防音の考え方と効果

 住宅の生活防音でも、楽器の防音室でも、質量則のみの考え方で遮音材にシフトした設計・対策を行うと、落とし穴にはまります。

 例えば、面密度約2kg/m2の遮音シート(厚さ約1.2ミリ)を、壁に3重張りすると、厚さ3ミリ・面密度6kg/m2の遮音マットと同等の防音効果が得られると思うでしょう。

 面密度が同じでも、実際は遮音シートを3重張りしたケースが遮音マット1重張りよりも防音性能が劣ることが少なくありません。質量則の考え方だけで捉えれば、防音効果は同等なはずです。

 なぜ、このような現象が起きるのでしょうか。それは、遮音シートの制振性不足や素材の性質の違いから性能に差が生じたと考えられます。音響学会の実験データでも面密度や制振性の乏しい素材を重ねても効果が高まらないことが検証されています。

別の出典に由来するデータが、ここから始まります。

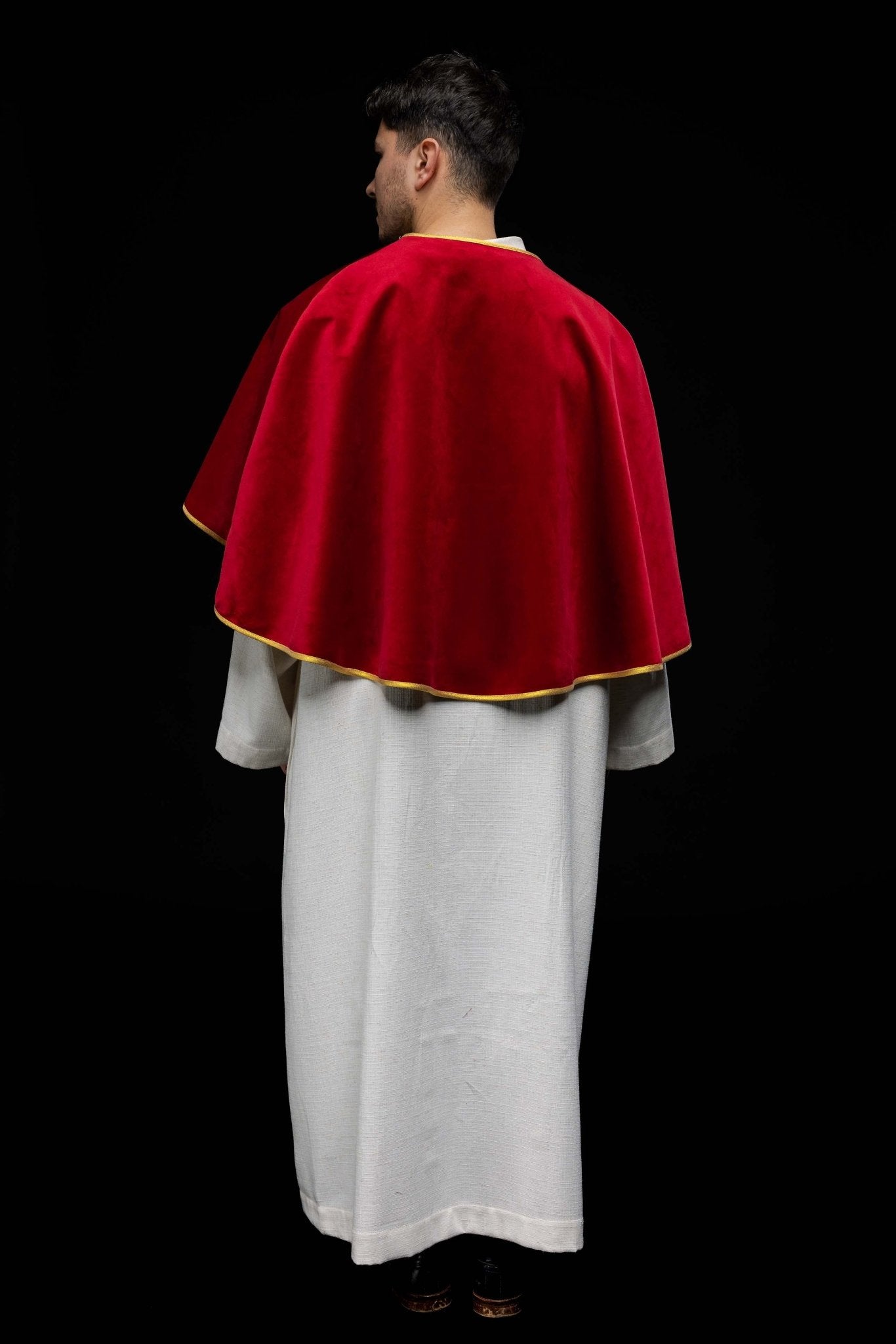 Chasuble d'enfant de chœur en velours avec liens rouge KKP/042/02/76 - CHASUBLES.FR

 防音の効果は、使用する防音材の性能・性質や、下地、吸音素材などを含めた、組合わせ方・構造的な補強などの複合的な要因によって、大きな差が生じるのです。ここに、質量則のみに基づいた遮音材にシフトした防音の限界があるのです。

 また、防音は「遮音」「制振(防振)」「吸音」の要素に加えて、下地構造などの耐久性・剛性が大きな影響を与えます。地震や楽器・設備などによる振動対策、長期の荷重に対策する耐久性は、防音室であっても住宅であっても重要です。

 防音材の選択一つをとっても、効果に差が出ることに留意すべきでしょう。防音の考え方・経験が専門業者のノウハウであり、生命線です。